• _TASK DIRECTIONS_
Begin at the line below that holds "If you really" and end at the line that holds "Free petunia seeds", transcribing each line exactly and skipping any picture.
(PROVIDED RECORDS begins)
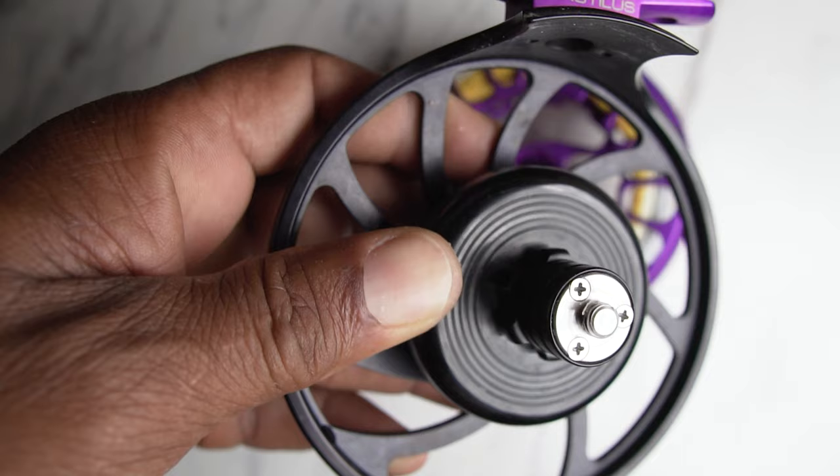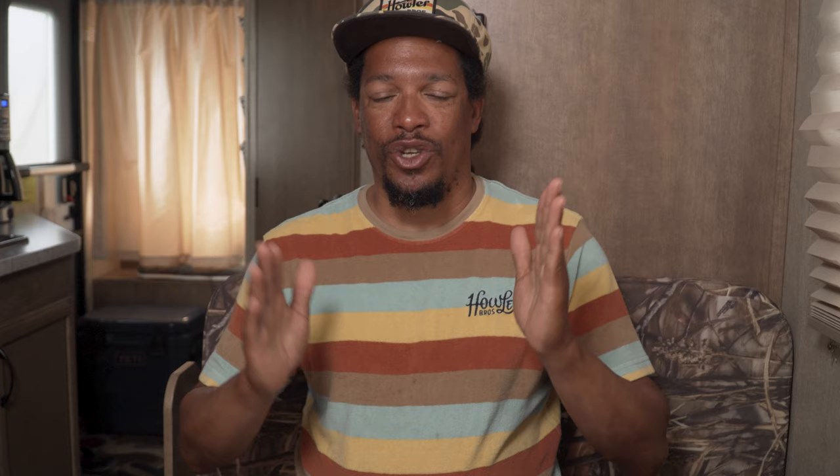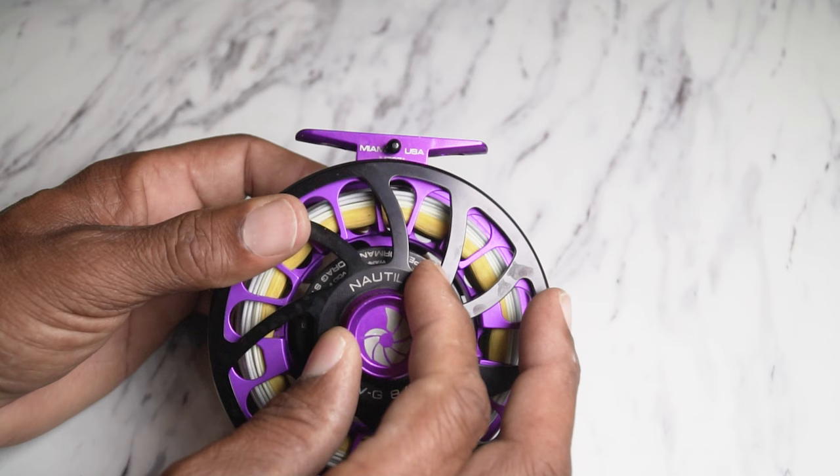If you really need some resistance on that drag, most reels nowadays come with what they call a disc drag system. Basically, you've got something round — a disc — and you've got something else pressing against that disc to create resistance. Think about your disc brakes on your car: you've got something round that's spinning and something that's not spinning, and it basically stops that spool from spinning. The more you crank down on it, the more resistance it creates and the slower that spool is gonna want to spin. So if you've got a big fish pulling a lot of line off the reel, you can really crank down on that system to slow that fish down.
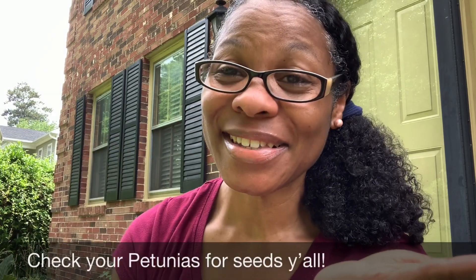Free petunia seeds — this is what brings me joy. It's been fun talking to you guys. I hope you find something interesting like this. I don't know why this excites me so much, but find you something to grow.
(PROVIDED RECORDS ends)
(PROVIDED RECORDS begins)
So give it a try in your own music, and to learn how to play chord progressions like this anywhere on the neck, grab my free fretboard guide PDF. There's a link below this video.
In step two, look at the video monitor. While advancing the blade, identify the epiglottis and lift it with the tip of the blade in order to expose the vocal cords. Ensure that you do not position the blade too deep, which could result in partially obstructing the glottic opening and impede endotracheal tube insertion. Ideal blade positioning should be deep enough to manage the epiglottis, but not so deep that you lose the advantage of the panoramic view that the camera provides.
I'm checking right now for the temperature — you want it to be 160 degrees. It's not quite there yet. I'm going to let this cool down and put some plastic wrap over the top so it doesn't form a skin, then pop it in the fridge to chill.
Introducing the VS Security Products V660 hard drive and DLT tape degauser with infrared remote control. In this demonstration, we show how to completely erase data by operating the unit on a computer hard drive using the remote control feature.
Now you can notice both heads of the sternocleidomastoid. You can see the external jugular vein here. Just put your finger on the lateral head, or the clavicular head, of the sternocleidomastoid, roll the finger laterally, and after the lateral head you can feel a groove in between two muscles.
(PROVIDED RECORDS ends)
(PROVIDED RECORDS begins)
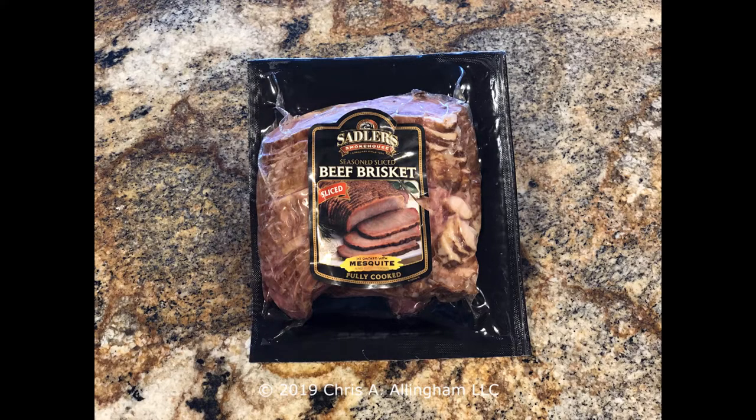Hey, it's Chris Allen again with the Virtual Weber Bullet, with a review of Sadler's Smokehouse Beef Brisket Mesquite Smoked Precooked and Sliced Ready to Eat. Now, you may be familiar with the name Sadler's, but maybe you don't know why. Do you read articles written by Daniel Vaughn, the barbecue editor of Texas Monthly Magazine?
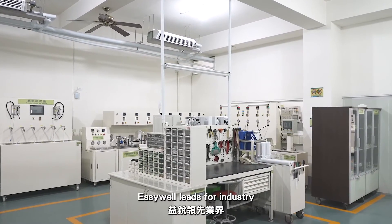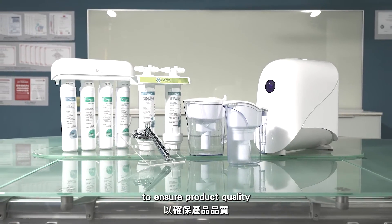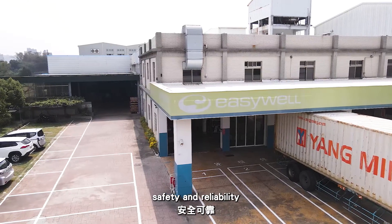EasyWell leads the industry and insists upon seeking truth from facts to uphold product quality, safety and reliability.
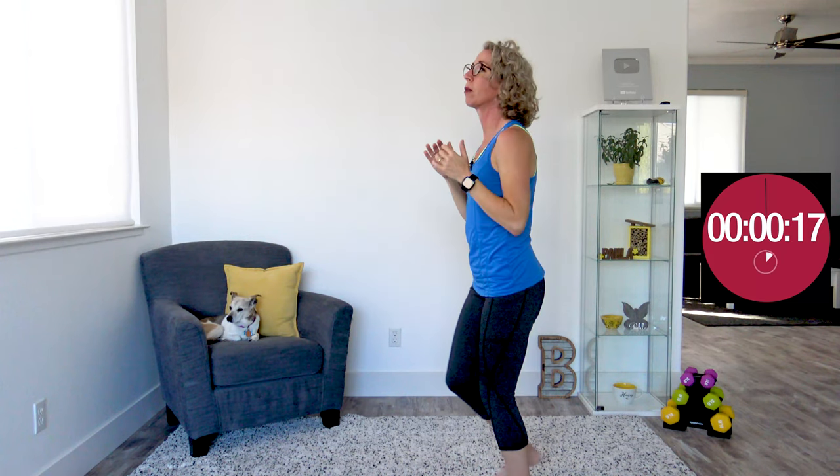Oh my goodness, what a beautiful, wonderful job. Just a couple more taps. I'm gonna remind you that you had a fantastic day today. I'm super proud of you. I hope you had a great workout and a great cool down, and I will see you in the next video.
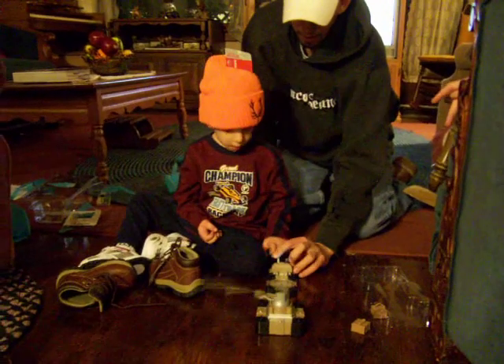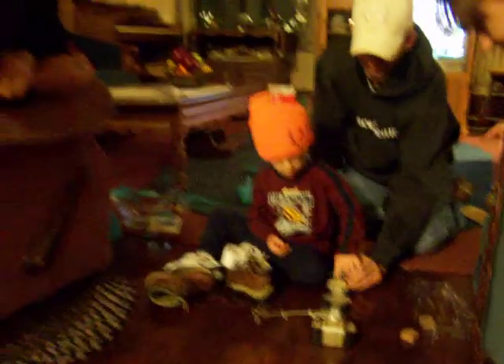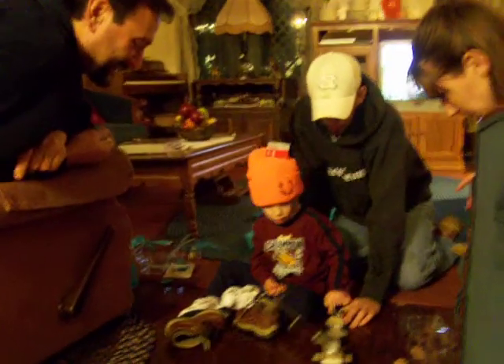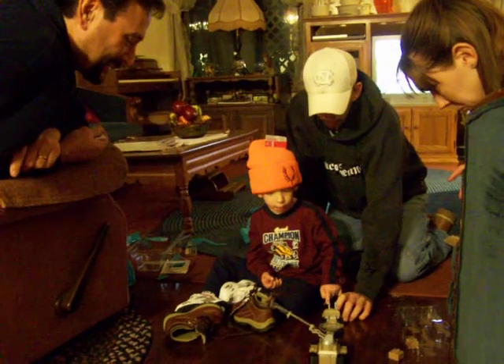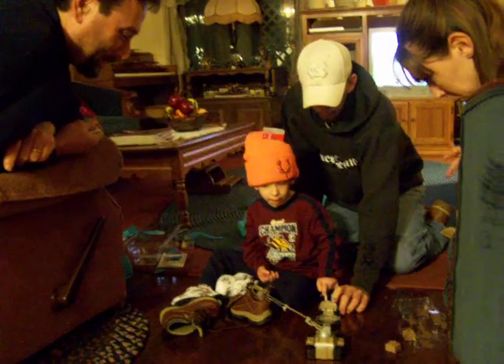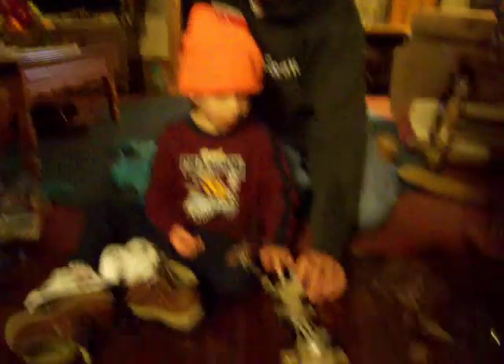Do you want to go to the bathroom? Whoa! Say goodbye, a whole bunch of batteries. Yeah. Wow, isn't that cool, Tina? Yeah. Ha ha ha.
(PROVIDED RECORDS ends)
• _YOUR RESPONSE_
If you really need some resistance on that drag, most reels nowadays come with what they call a disc drag system. Basically, you've got something round — a disc — and you've got something else pressing against that disc to create resistance. Think about your disc brakes on your car: you've got something round that's spinning and something that's not spinning, and it basically stops that spool from spinning. The more you crank down on it, the more resistance it creates and the slower that spool is gonna want to spin. So if you've got a big fish pulling a lot of line off the reel, you can really crank down on that system to slow that fish down.
Free petunia seeds — this is what brings me joy. It's been fun talking to you guys. I hope you find something interesting like this. I don't know why this excites me so much, but find you something to grow.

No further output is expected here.